Hello all, I'm an experienced, professional user and have been using and analyzing ACS micro-data for over a decade but suddenly I have a basic question.
I always used IPUMS ACS micro-data, which come with a file to input the variable labels, factor/value labels for categorical variables, and format all variables. For various reasons, I have to use the Census PUMS for an upcoming project. I need the full PUMS data (all rows, all columns) for at least 2005 - 2019 and the 2000-2004 data if possible. I can analyze the data in Stata, R, or Python. But I can't find Census PUMS microdata with variable and value labels (factor labels in R lingo).
Does anyone either have a link for where to download these data or a script (in Stata, R, or Python) for labeling and formatting the microdata?

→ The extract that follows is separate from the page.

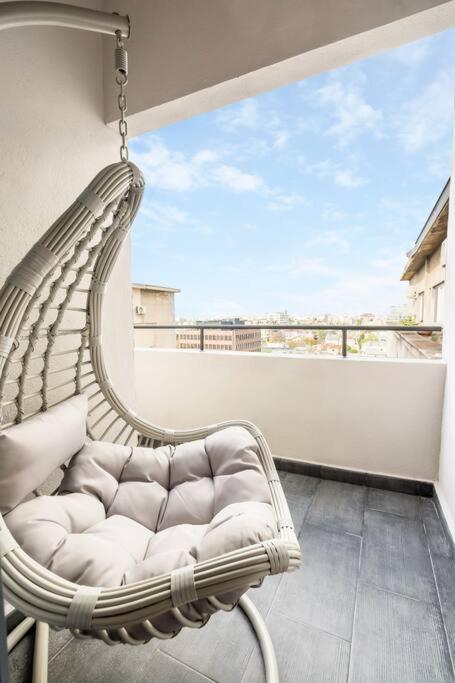 Superb Views 3br Midtown Flat - 3 Balconies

For a more elaborate description of the problem, see below:
The Census PUMS FTP site only give data in .csv or SAS format. The .csv data have no variable labels and no value labels. The SAS data have variable labels but no value labels. I can download the SAS data, import it into Stata or use StatTransfer, and get variable names so that I know that the variable "occp" is labeled "Occupation recode for 2018 and later based on 2018 OCC codes" but all the distinct values for occupation are saved as strings with no meaning, just "2545" and "4920" etc. To apply labels to these values, I would have to navigate to the Census ACS documentation page, download the "ACS 1-year PUMS Code Lists.xlsx" file, clean then import each 15 or so worksheets into Stata, perform a one-to-many merge on occupational codes so that I have the meaning of each, say, occupational codes, as its own variable/column in the data, then apply the label utilities to attach the labels to the value labels in the original data. Thus I could see immediately that, for instance, the occp code "2545" means "Teaching assistants." But I'd have to do this for many variables, for each year of the ACS 1-year PUMS data. This process is doable but incredibly time-consuming I'm sure that someone, somewhere has done this already.

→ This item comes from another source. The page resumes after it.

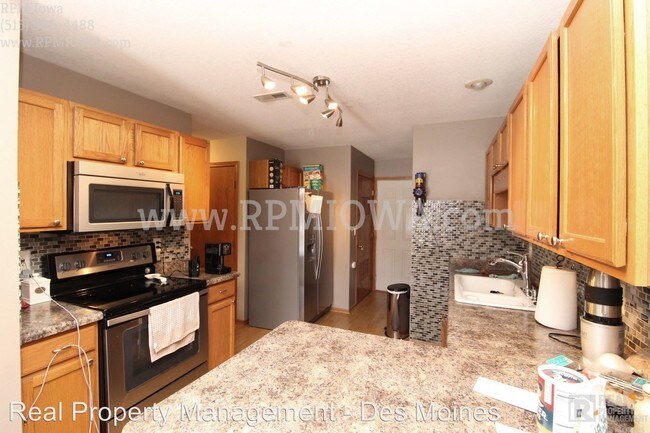 Foto del edificio - 6800 Ashworth Rd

The other option seems to be to use the MDAT utility but this tool forces users to click a check box for EVERY variable to be included in the data sample. Given >500 distinct variables and 19 years of data, this process also seems unnecessarily time-consuming.

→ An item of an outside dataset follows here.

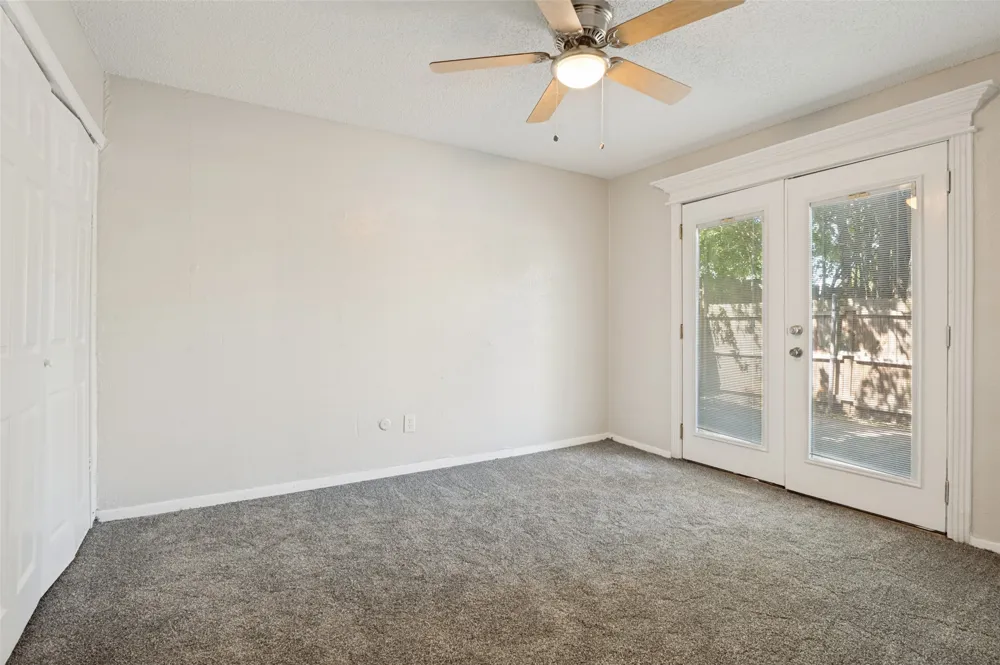 203 Trinidad Drive Grand Prairie, TX 75052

The "tidycensus" package also doesn't seem to help. While it lets me download the microdata, it forces me to browse a separate data frame called "pums_variables" to look up variable and value labels rather than just attaching these labels to the actual microdata. It also doesn't have 2000-2004 data available.
Can anyone help direct me either to a clean-and-ready -- i.e. fully labeled, all rows, all columns -- version of the 1-year ACS for 2000/5 - 2019 or have scripts for labeling the variables and values?
Thank you very much in advance!!!
why can't you just go to https://usa.ipums.org/usa/, log in (register if you need to), browse and select data, and get any of the data sets that you need?
Hi Stas, thanks for the reply. I have an IPUMS account and have used it many times. The reason I need the Census PUMS is because I'm preparing to access the confidential ACS samples in an RDC. The confidential data will have the variable names, structure, etc. of the PUMS, not IPUMS. I'm preparing scripts to ready the data, do some exploratory/initial analysis and light model building/selection. If I have scripts ready, I can also hit the ground running within the RDC and hopefully save some time cleaning and prepping the confidential data.